WHAT IS BEING ASKED —
Which lines below fall between the one containing "Navy peace love" and the one containing "潮国创意可爱女孩雪人卡通圣诞节手绘元素冬天冬季生日蛋糕"? Repeat them exactly, counting both of those lines, and add nothing else.

DATA TO EXAMINE —
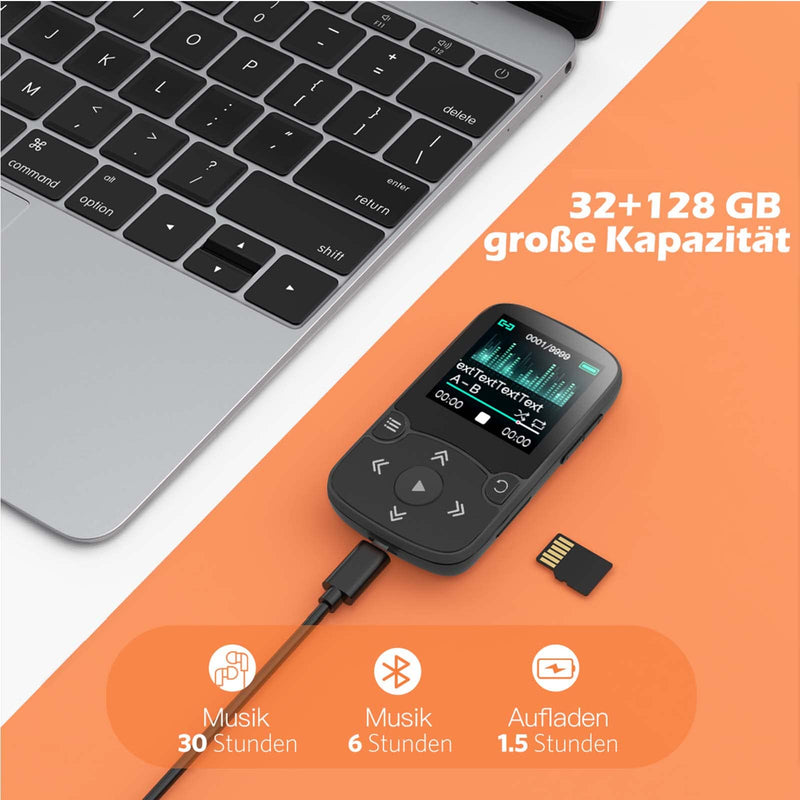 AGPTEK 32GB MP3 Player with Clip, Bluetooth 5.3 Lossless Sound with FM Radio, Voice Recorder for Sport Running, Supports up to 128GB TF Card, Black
...
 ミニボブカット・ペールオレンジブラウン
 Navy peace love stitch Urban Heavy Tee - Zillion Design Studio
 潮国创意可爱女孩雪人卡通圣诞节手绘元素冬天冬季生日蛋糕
...
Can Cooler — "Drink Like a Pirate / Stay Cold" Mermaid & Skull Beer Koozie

YOUR RESPONSE —
 Navy peace love stitch Urban Heavy Tee - Zillion Design Studio
 潮国创意可爱女孩雪人卡通圣诞节手绘元素冬天冬季生日蛋糕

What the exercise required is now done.